61 . The method of claim 54, wherein the metal nanoparticle tag is a core-shell nanoparticle, the core shell nanoparticle comprising an inner superparamagnetic metal core and an outer noble metal shell.

62. The method of claim 51 , wherein the diagnostic agent is a fluorescent agent.

63. The method of claim 50, wherein isolation of the cells bound to the biotag is accomplished by a magnet, a cell cytometry method or by establishing a mass gradient.

64. The method of claim 50, wherein the physiological fluid is blood, serum, plasma, urine, prostate fluid, tears, mucus ascites fluid, oral fluid, saliva, semen, seminal fluid, mucus, stool, sputum, cerebrospinal fluid (CSF), bone marrow, lymph, or fetal fluid.
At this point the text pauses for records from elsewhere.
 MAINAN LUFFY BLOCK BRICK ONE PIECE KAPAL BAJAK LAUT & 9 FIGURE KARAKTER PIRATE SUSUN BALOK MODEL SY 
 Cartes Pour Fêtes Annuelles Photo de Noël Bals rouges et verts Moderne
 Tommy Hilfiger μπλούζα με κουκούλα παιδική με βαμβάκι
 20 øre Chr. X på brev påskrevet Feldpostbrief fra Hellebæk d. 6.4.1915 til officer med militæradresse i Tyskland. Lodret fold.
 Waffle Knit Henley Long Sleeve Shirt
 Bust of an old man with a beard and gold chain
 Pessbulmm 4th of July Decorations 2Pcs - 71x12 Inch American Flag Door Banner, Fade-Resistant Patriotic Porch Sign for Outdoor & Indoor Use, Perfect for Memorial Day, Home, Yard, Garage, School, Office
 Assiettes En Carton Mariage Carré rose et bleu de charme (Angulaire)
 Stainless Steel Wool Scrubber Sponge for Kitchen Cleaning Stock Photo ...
64. A method for detecting circulating tumor cells in a physiological fluid sample comprising the steps of:

a) exposing the physiological fluid sample from a subject having or suspected of having cancer to a biotag that targets a cancer biomarker; and

b) isolating cells from the sample that bind to the biotag;

c) determining that circulating tumor cells are present in the sample when cells are bound to the biotag.

65. The method of claim 64, wherein the biotag comprises:

a cancer biomarker binding domain,

an internalization domain;

an endosomal escape domain;

a lysosomal escape domain;

a reporter binding domain; and

a reporter, wherein the reporter is a diagnostic agent.

66. The method of claim 64, wherein the cancer biomarker is ERBB 1 -4, EGFRvlll or Transferrin Receptor (TfR).

67. The method of claim 65, wherein the binding domain comprises an amino acid sequence selected from SEQ ID NO:280-297.

68. The method of claim 65, wherein the reporter binding domain is a metal binding domain.

69. The method of claim 68, wherein the reporter is a metal nanoparticle tag chelated to the metal binding domain.

70. The method of claim 69, wherein the metal nanoparticle tag is a noble metal.

71 . The method of claim 70, wherein the noble metal a gold nanoparticle comprising one or more gold crystals.

72. The method of claim 70, where in the noble metal is Pt, Pd, Ag.

73. The method of claim 59, wherein the metal nanoparticle tag is a

superparamagnetic metal.

74. The method of claim 73, wherein superparamagnetic metal is Gd, Eu, Fe, Ni, or Co.

75. The method of claim 51 , wherein the metal nanoparticle tag is a core-shell nanoparticle, the core shell nanoparticle comprising an inner superparamagnetic metal core and an outer noble metal shell.

76. The method of claim 65, wherein the diagnostic agent is a fluorescent agent.

77. The method of claim 64, wherein isolation of the cells bound to the biotag is accomplished by a magnet, a cell cytometry method or by establishing a mass gradient.

78. The method of claim 64, wherein the physiological fluid is blood, serum, plasma, urine, prostate fluid, tears, mucus ascites fluid, oral fluid, saliva, semen, seminal fluid, mucus, stool, sputum, cerebrospinal fluid (CSF), bone marrow, lymph, or fetal fluid.

79. The method of claim 64, wherein the presence of cells that bind the biotag is indicative of metastasizing cells or metastasis of a tumor.